Chapter 17

SEVENTEEN

EMMA

Rachel wasted no time on semantics or strategy.

People threatened her Collective, she answered. No hesitation, no committee meeting, no twelve-step plan. Strategy, in Rachel’s world, wasn’t deliberation, it was violence with good timing.

Which is how I ended up strapped into Offensive gear for the first time in almost two months, shivering my ass off in the Canadian snow, trudging toward the border between the Human World and the Collective.

Just once, couldn’t our enemies stage their bullshit somewhere warm? The Caribbean would’ve been nice.

Hell, I’d take anywhere that doesn’t involve frostbite as a team-building exercise.

Her plan was peak Rachel Varez, intercept before invasion. Humans had been spotted near the edge of the Collective; a swarm of trucks, armored carriers, and soldiers who looked way too excited to freeze to death out here.

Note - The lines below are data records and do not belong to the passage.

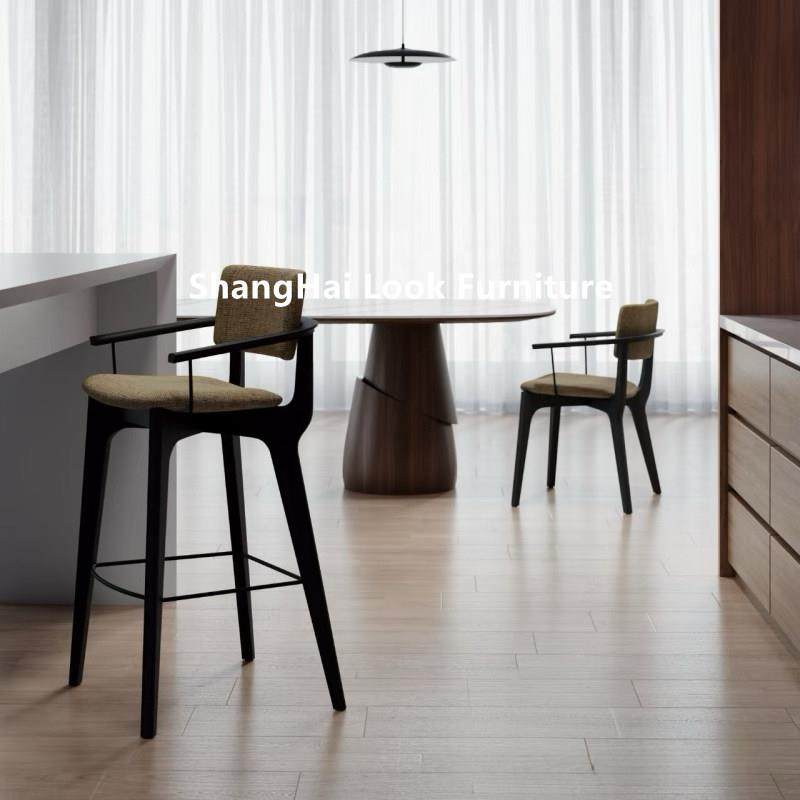 北欧现代实木吧台椅不锈钢家用高脚凳设计师款布艺极简前台吧台凳,淘宝优惠券,粉丝福利购,淘宝优惠卷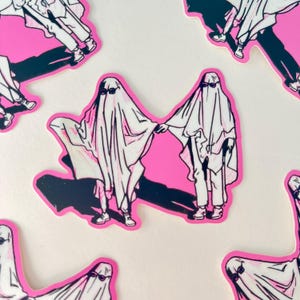 Ghost Friends Waterproof Vinyl Sticker | Halloween sticker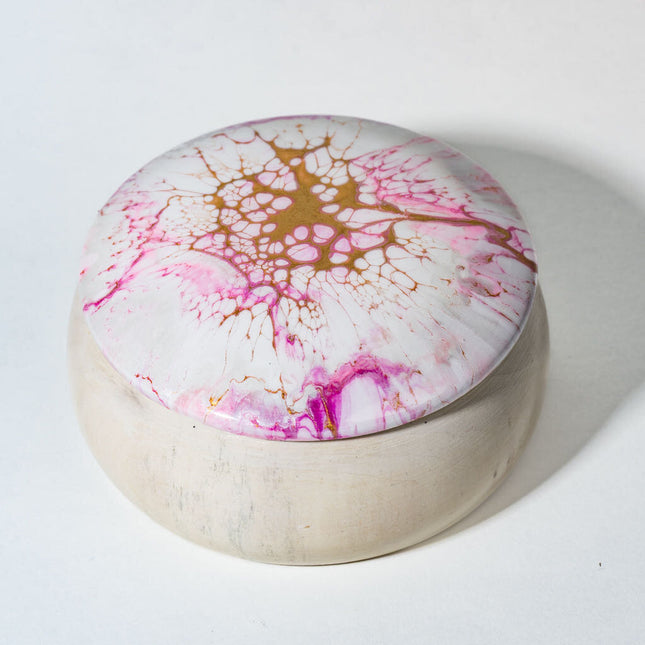 Handcrafted Wooden Trinket Box - pink white gold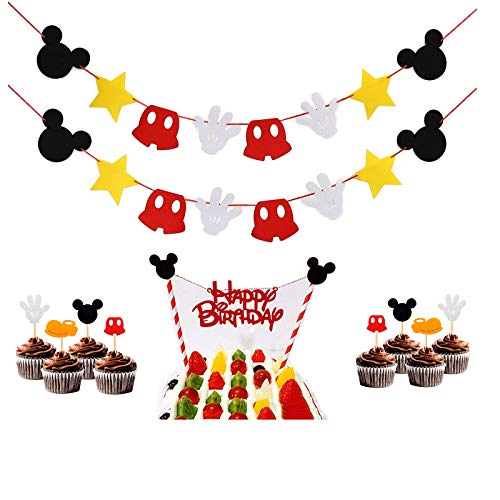 Hooggle Kit de decoración de la Fiesta de Mickey Mouse, Mickey Inspired Cupcake Toppers + Mickey Mouse con Tema de Fieltro Guirnalda Fiesta de cumpleaños Banner Suministros de decoración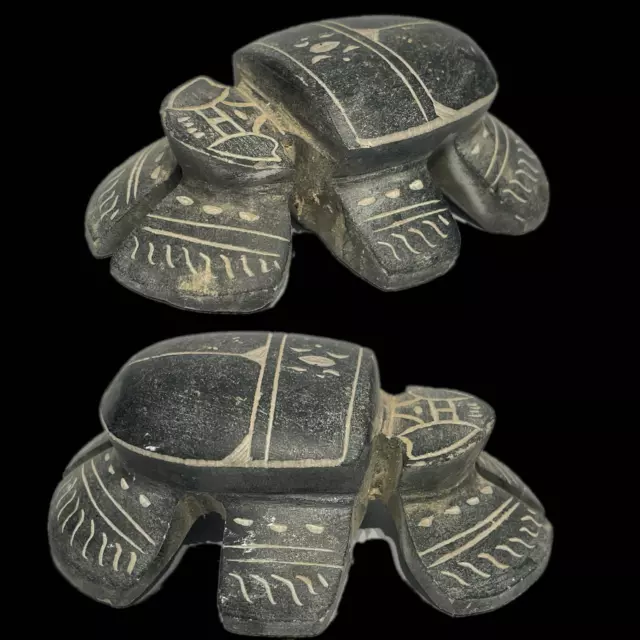 ANCIENT EGYPTIAN HEAVY STONE SCARAB BEETLE, 664 - 332bc, (41)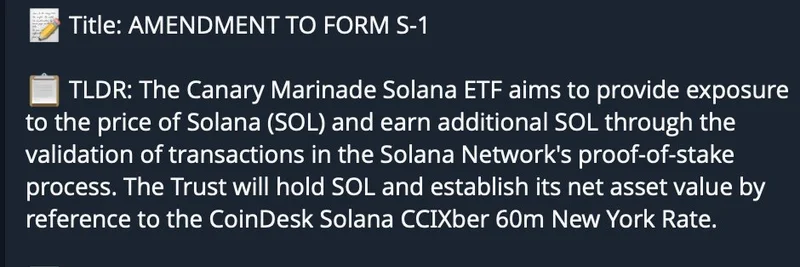 Canary Marinade Solana ETF, 수정된 S-1을 SEC에 제출: SOL 및 밈 토큰에 대한 최신 소식과 시사점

Rachel fully intended to end the whole situation before any of them finished their protein bars.

My breath fogged in the icy air, and the sharp bite of winter cut through the seams of my jacket, chilling me to the bone. The snow crunched under my boots, each step an uncomfortable reminder that I was not used to this kind of mothaflapping cold.

But I didn’t care. US military had crossed the national border and the prospect of killing the people at least partly responsible for the death of my parents could keep me warm through fifty Canadian winters.

James was walking up front, his expression hard. Still sulking about me deciding to come along—which, according to him, amounted to the biggest betrayal of his life. Well, he was the expert on the subject, so he would know.

Caden was walking next to Rachel, close enough that their arms nearly touched.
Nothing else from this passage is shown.